Степанида Ивановна помолчала, потом сказала тихо:

– Напиши письмо Смолькову…

– Кому? – спросил генерал, хотя ясно услышал. – Кому?

– Смолькову, – громко сказала генеральша. – Я хочу, чтобы он сюда приехал.

Алексей Алексеевич нахмурился. Степанида Ивановна громко принялась стонать и сморкаться.

«Все равно, – подумал Алексей Алексеевич. – Смольков не хуже других, черт с ним, руки не отвалятся».

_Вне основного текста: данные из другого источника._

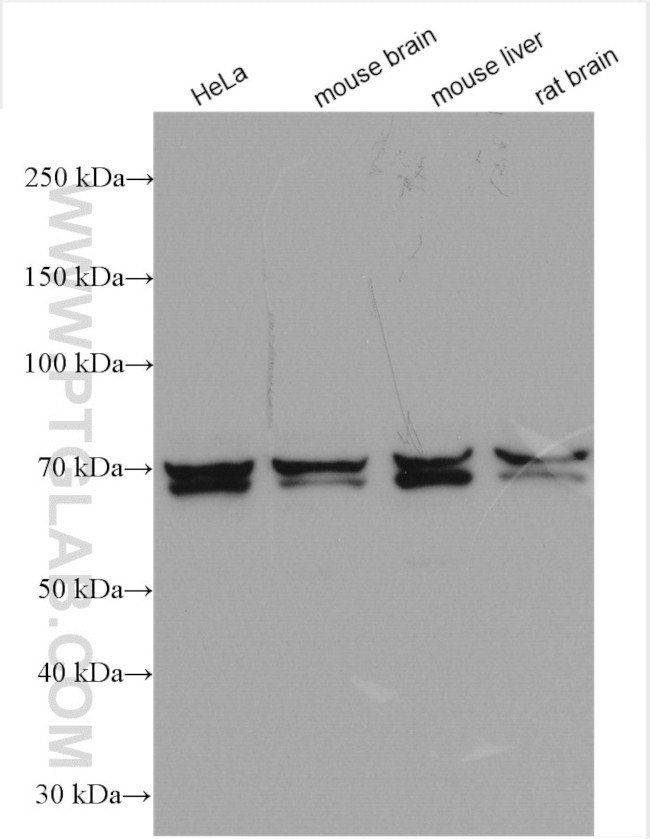 GRB10 Antibody in Western Blot (WB)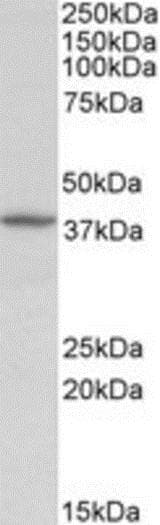 Anti-Decorin antibody(AB189364)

Так состоялось примирение, и было отослано в Петербург княгине Лизе Тугушевой политическое письмо, где говорилось, что супруги Брагины хотели бы видеть у себя Смолькова, а в Р.S. сделана пометка: гостит у нас Сонечка Репьева, милая и прелестная девушка-Письмо отправили на почту с нарочным, и Степанида Ивановна, приласкав, наконец, растроганного супруга, приказала заложить коляску, чтобы ехать в монастырь.